**YOUR OBJECTIVE**
Everything from the line with "Vitiligo camouflage, colour-matched" to the line with "trimmed as required" in the listing below, both lines included, needs to be copied exactly, apart from the pictures.

**STUDY MATERIAL**
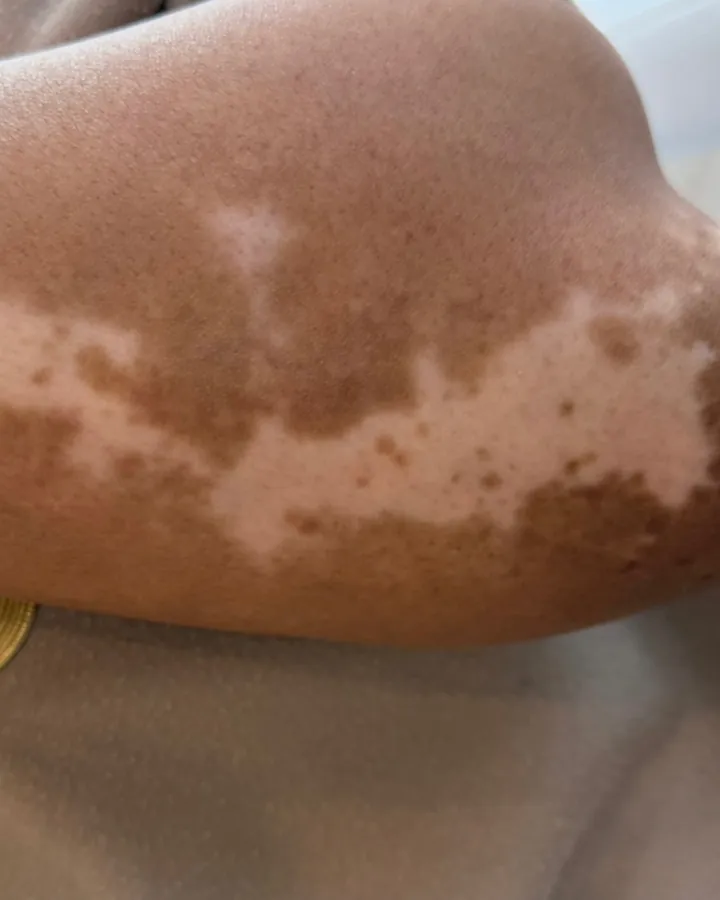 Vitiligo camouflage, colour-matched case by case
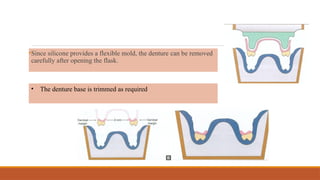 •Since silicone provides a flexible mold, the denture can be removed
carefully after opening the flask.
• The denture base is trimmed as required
...
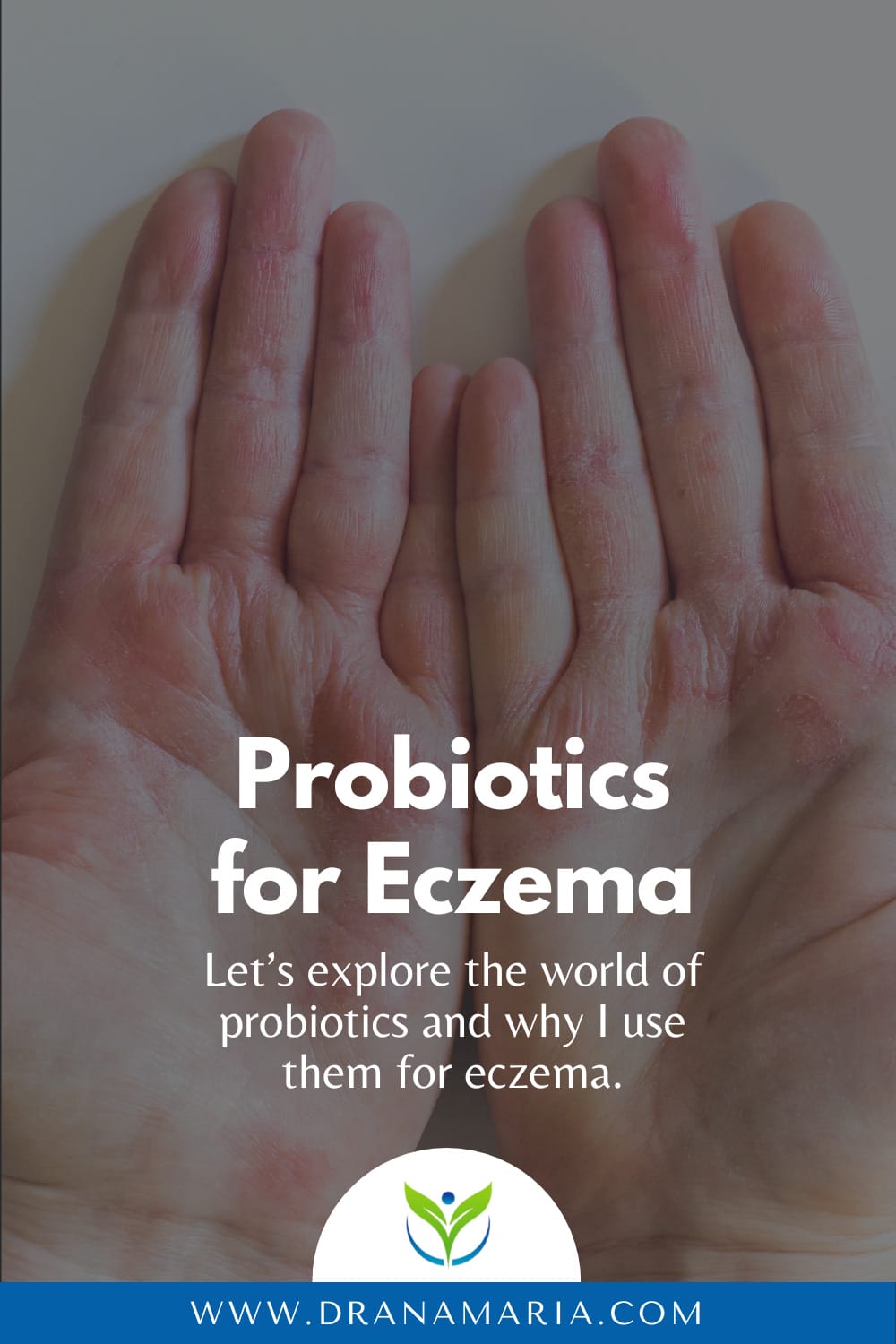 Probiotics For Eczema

**RESULT OF THE EXERCISE**
 Vitiligo camouflage, colour-matched case by case
 •Since silicone provides a flexible mold, the denture can be removed
carefully after opening the flask.
• The denture base is trimmed as required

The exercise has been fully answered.